Researchers say preparation should go beyond just academic skills

Photo (c) Melpomene - Fotolia
While experts have found that going to preschool has the potential to give kids an added boost in kindergarten, a new study conducted by researchers from the University of Montreal has explored additional benefits linked to kindergarten readiness

According to their findings, kids who are prepared academically, socially, cognitively, and physically before starting kindergarten are more likely to excel in several other areas later in life. 

“We’ve known for years that getting off to a good start in kindergarten leads to better achievement over the long-term,” said researcher Caroline Fitzpatrick. “But now with our study we can really lock in the idea that early childhood skills help you achieve success and adopt a healthier lifestyle in emerging adulthood. And that’s promising for society as a whole.” 

Lasting effects of kindergarten readiness

To understand what effect kindergarten readiness can have on long-term success, the researchers followed 2,000 children who were part of the Quebec Longitudinal Study of Child Development from age five through the end of high school. 

At the start of the study, the researchers assessed the kids’ knowledge of vocabulary and math. By the end of kindergarten, the team evaluated reports from teachers on the kids’ social and emotional outcomes in the classroom. The researchers checked in again when the kids were getting ready to leave high school to see how their mental and emotional well-being, academic performance, and physical activity levels had developed. 

Ultimately, the researchers observed better long-term success in those who were better prepared at the start of kindergarten. Having stronger math skills at age five was linked with a reduced likelihood of substance abuse, a lower chance of dropping out of high school, and higher academic success throughout high school. The researchers also found that better social awareness at this young age led to better physical health outcomes by the end of high school. 

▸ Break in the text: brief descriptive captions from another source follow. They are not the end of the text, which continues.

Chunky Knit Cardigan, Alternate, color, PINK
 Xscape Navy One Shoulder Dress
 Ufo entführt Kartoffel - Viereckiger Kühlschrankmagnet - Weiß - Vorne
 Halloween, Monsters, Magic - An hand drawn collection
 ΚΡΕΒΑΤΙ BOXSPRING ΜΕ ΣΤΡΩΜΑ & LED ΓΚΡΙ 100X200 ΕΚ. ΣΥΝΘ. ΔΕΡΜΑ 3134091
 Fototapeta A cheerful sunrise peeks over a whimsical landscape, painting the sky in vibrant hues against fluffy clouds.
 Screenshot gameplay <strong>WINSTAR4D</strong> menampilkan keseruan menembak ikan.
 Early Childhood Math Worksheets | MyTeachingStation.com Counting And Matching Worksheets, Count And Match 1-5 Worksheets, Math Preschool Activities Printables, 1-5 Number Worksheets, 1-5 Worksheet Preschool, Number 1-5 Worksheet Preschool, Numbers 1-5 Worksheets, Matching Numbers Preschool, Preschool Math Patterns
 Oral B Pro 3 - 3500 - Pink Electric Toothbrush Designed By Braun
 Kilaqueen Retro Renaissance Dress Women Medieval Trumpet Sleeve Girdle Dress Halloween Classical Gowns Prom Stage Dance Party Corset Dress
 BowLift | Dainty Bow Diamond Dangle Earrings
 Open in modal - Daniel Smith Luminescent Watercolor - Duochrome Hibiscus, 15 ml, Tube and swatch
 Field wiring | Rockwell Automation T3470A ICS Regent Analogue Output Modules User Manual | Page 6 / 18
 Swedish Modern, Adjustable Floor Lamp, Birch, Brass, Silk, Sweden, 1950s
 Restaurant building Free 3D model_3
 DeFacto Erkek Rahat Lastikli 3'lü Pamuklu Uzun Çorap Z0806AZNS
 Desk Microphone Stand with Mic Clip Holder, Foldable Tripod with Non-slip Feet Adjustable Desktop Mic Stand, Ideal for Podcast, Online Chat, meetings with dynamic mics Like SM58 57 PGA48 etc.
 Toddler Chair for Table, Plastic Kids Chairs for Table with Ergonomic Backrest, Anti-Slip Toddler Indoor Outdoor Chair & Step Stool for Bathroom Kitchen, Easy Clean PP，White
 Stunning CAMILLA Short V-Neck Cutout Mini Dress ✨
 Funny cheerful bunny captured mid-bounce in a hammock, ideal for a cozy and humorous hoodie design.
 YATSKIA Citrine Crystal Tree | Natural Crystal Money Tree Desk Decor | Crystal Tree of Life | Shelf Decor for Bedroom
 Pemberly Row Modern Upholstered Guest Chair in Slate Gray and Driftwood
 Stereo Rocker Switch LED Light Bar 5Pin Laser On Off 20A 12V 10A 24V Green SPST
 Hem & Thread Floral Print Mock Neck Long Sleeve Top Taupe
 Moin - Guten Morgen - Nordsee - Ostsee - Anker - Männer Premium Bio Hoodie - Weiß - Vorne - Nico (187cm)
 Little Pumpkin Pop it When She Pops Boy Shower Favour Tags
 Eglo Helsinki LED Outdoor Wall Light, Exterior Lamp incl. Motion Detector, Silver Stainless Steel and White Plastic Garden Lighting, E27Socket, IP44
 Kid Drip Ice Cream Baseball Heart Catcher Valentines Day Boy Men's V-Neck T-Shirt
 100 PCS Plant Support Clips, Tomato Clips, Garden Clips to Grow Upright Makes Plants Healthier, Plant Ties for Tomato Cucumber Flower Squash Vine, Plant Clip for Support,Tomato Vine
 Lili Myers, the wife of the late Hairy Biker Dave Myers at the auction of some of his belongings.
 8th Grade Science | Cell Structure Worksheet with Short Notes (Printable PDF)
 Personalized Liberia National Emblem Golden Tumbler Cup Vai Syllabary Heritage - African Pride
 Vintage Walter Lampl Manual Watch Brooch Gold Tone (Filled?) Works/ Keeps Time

“Kindergarten classroom engagement also predicted involvement in physical activity, and a 65 percent drop in the risk of a child being overweight by age 17,” said researcher Linda Pagani. 

The researchers hope that these findings highlight the importance of kindergarten readiness, as entering school prepared could have a strong impact on future psychological and academic success. 

“Promoting kindergarten readiness seems, over the long-term, to help reduce the lifestyle risks generated by dropping out of high school,” said Pagani. “Therefore, policies to promote and preserve children’s early skills, such as providing stimulating childcare and diminishing family adversity, may thus represent a valuable policy strategy for governments to invest in.”